A machine-readable framework should by design accommodate extensions. Further, extensions also can have additional classifications that break them into their semantic parts, just like official elements in a framework.

Allow issuers to use standards that are an appropriate fit for their company.

Companies differ by industry, size, and geography. Disclosures that are relevant to one company may not be relevant to a company in a different industry.

Using data encoding standards: A single taxonomy can be developed that contains a base set of elements with multiple entry points layered on top that are specific to the company’s industry or geography. An entry point limits the elements viewed to make it easier for the preparer to quickly identify the elements needed for their specific type of report. An entry point can include elements from different frameworks, making it an especially useful mechanism to give guidance to preparers. As shown in the figure below, while every company will use elements categorized as “BASE (COMMON) ELEMENTS,” one company may opt to also include elements in Industry 1 and Region 2. A second company can choose elements in Industry 3 and Region 1 to match their industry classification and geography.

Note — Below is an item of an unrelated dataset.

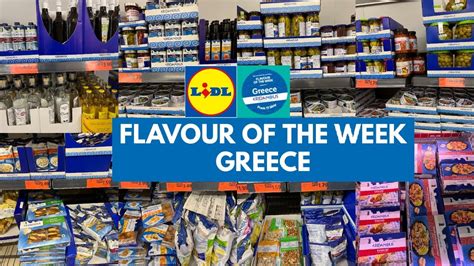 Flavour Of The Week Greece At Lidl From Thursday May Lidl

Give issuers guidance on how to successfully implement ESG frameworks to tell their own story.

Some issuers wish to report more or different information than is required to be reported by a specific ESG standard. For example, the SASB framework for Transportation – Automobiles (TR-AU) calls for disclosure of the quantity of waste generated from manufacturing and the percentage of waste recycled as shown in the figure below depicting a section from the SASB Taxonomy.


These metrics are appropriately reported by the company that prepared the ESG report shown below.


Other reporting entities, however, may choose to report different information believed to be relevant to their company that further clarifies their ESG standing. The figure below shows a company that chose to report the total amount of waste and the amount of waste recycled, but did not report the percent recycled although that amount can be computed because both amounts recycled and in total are included. They also chose to report the breakdown between hazardous and nonhazardous waste recycled.


Both companies may be seeking to accurately convey their own environmental impact related to manufacturing waste. Regulators imposing climate or other ESG-related disclosure requirements on companies must consider: 1) how to provide sufficient guidance so that companies like these can report data that is consistent and comparable, and 2) how to give companies the flexibility to report what is truly relevant to their situation.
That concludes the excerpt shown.